**Exercise aim**
Print the lines in the listing below that fall between the line with "Vintage Brass Deer" and the line with "Moda Blaward niños", those two lines included, exactly as they stand and with nothing else.

**Information shown**
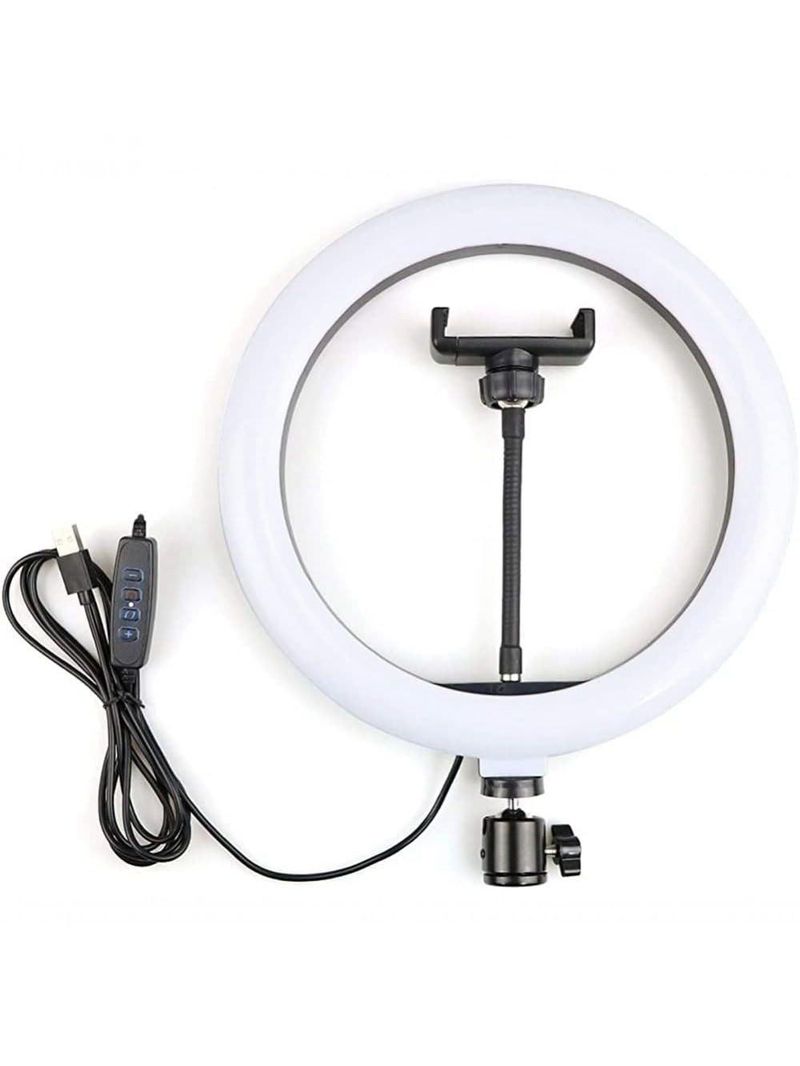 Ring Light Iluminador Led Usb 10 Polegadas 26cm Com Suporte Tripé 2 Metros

...

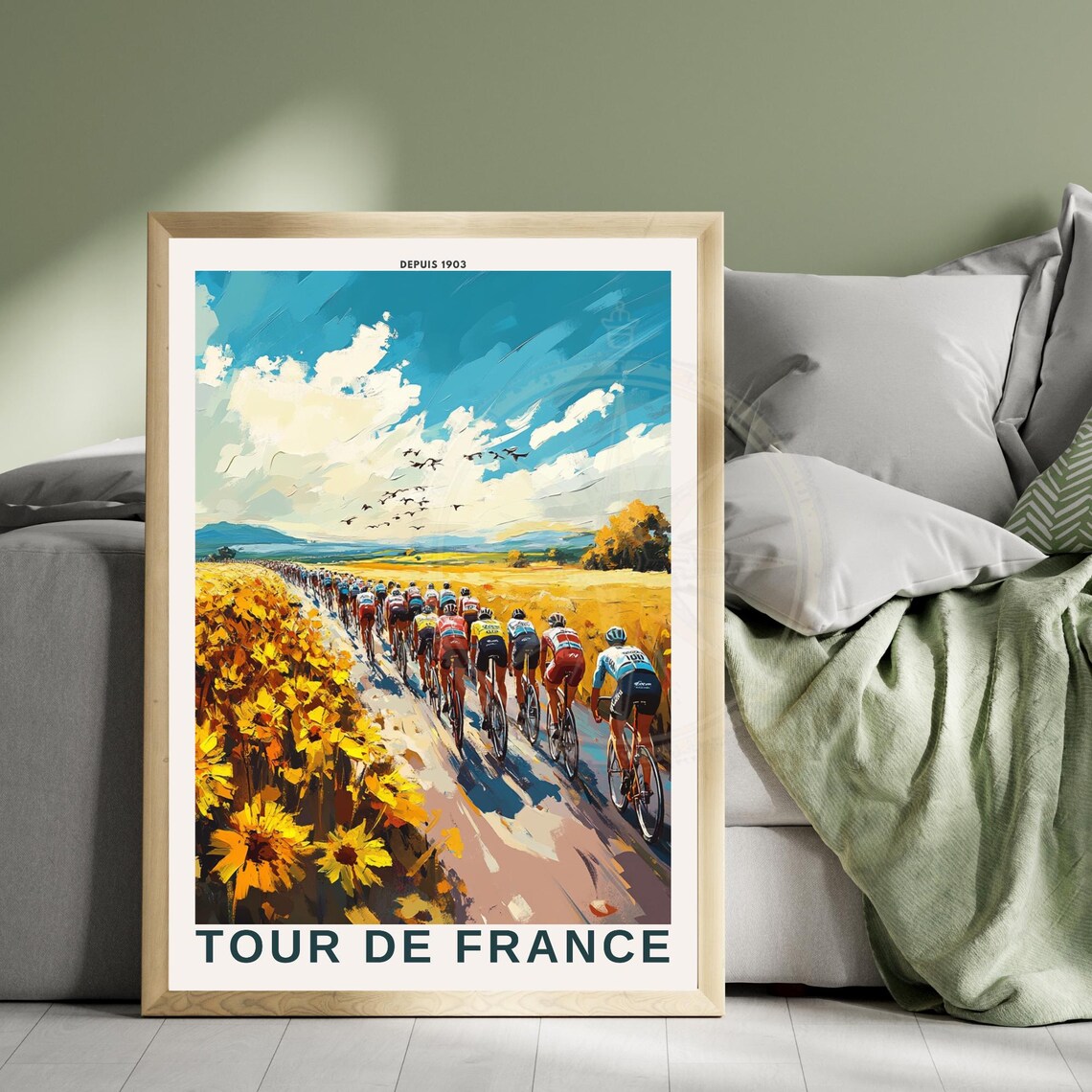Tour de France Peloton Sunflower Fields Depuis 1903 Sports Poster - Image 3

---

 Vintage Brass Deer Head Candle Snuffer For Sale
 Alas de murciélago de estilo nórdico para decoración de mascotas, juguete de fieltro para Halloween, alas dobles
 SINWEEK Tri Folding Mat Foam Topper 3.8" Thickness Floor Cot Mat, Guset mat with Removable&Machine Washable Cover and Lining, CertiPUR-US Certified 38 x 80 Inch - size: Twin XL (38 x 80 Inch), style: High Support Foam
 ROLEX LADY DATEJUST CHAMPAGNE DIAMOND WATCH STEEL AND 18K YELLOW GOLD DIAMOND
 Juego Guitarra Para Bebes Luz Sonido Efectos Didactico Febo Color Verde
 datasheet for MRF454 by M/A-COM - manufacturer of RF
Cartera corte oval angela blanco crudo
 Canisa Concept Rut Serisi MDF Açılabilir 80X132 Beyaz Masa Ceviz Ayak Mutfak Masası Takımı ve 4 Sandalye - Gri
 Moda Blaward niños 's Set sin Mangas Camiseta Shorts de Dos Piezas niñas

**Solution for this task**
 Vintage Brass Deer Head Candle Snuffer For Sale
 Alas de murciélago de estilo nórdico para decoración de mascotas, juguete de fieltro para Halloween, alas dobles
 SINWEEK Tri Folding Mat Foam Topper 3.8" Thickness Floor Cot Mat, Guset mat with Removable&Machine Washable Cover and Lining, CertiPUR-US Certified 38 x 80 Inch - size: Twin XL (38 x 80 Inch), style: High Support Foam
 ROLEX LADY DATEJUST CHAMPAGNE DIAMOND WATCH STEEL AND 18K YELLOW GOLD DIAMOND
 Juego Guitarra Para Bebes Luz Sonido Efectos Didactico Febo Color Verde
 datasheet for MRF454 by M/A-COM - manufacturer of RF
Cartera corte oval angela blanco crudo
 Canisa Concept Rut Serisi MDF Açılabilir 80X132 Beyaz Masa Ceviz Ayak Mutfak Masası Takımı ve 4 Sandalye - Gri
 Moda Blaward niños 's Set sin Mangas Camiseta Shorts de Dos Piezas niñas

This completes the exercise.